In today’s post, we will go through the feature selection documentation on scikit-learn.

Approach

  1. Select features
  2. Train a neural network (1 hidden layer containing
    mean(features, classes) nodes) on 80% of training samples
  3. Validate on remaining 20% of training samples

Note: There are 784 features and the model accuracy on the validation set is 0.9655.

Removing features with low variance

In Removing features with low variance, all features whose variance does not meet some threshold are removed.

from sklearn.feature_selection import VarianceThreshold

# Arbitrarily set threshold to 0.1
sel = VarianceThreshold(threshold = 0.1)
sel.fit_transform(X_train)

# Subset features
X_new = sel.transform(X_train)

When we arbitrarily set the threshold to 0.1, we end up with 689 features and an accuracy of 0.9663 on the validation set. This accuracy is slightly better than predicting using all features.

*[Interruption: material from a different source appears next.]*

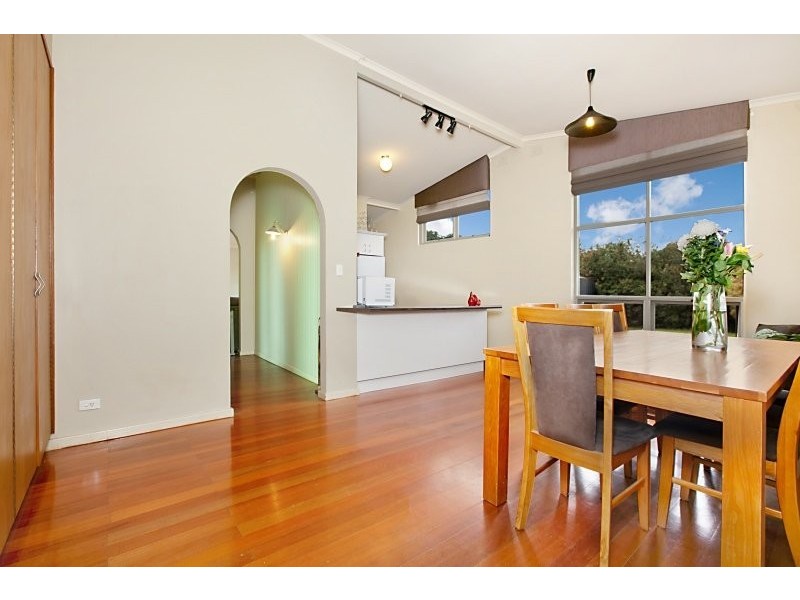 22 Helmsmen Terrace, Seaford SA 5169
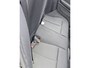 BMW 1-Serie 116i Executive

Univariate feature selection

In univariate feature selection, all but the highest scoring features are removed. In Scikit-learn, SelectKBest() and SelectPercentile() are mentioned for univariate feature selection.

from sklearn.feature_selection import SelectKBest
from sklearn.feature_selection import SelectPercentile
from sklearn.feature_selection import chi2

# Arbitrarily select to 90 percentile of features
sel = SelectPercentile(chi2, percentile=90)
sel.fit_transform(X_train, y_train)

# Subset features
X_new = sel.transform(X_train)

When we arbitrarily take the top 90th percentile of features, we end up with 705 features and an accuracy of 0.9633 on the validation set. This accuracy is comparable but slightly worst than removing features with low variance.

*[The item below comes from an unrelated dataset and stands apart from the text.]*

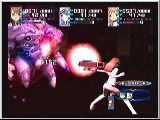 Xenosaga Episode 1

Recursive Feature Elimination

According to Feature Selection in Python with Scikit-Learn, recursive feature elimination works by “recursively removing attributes and building a model on those attributes that remain. It uses the model accuracy to identify which attributes (and combination of attributes) contribute the most to predicting the target attribute.

from sklearn.feature_selection import RFE
from sklearn.linear_model import LogisticRegression

# create a base classifier used to evaluate a subset of attributes
model = LogisticRegression()

# create the RFE model and select 350 attributes
rfe = RFE(model, 350)
rfe.fit(X_train, y_train)

# summarize the selection of the attributes
print(rfe.support_)
print(rfe.ranking_)

This was pretty slow and I stopped it before it could finish. Overall, a failed attempt at feature selection.

Feature Importance

Feature importance is selecting features that are most important from a previous classifier. For example, selecting the most important features from a number of randomized decision trees.

from sklearn.ensemble import ExtraTreesClassifier
from sklearn.feature_selection import SelectFromModel

# Fits a number of randomized decision trees
model = ExtraTreesClassifier(n_estimators = 30)
model.fit(X_train, y_train)

# Select the important features of previous model
sel = SelectFromModel(model, prefit=True)

# Subset features
X_new = sel.transform(X_train)

When we arbitrarily use 30 decision trees, we end up with 272 features and an accuracy of 0.9548 on the validation set.

Evaluation on Kaggle

From the analysis, removing features with low variance gave the best performance. When we selected 688 features by removing the features with low variance on the full data set and submitted the predictions to Kaggle, we had a submission score of 0.96343, which is not an improvement of the best score (ie. neural network without feature selection).

In conclusion, feature selection may not be necessary on neural networks.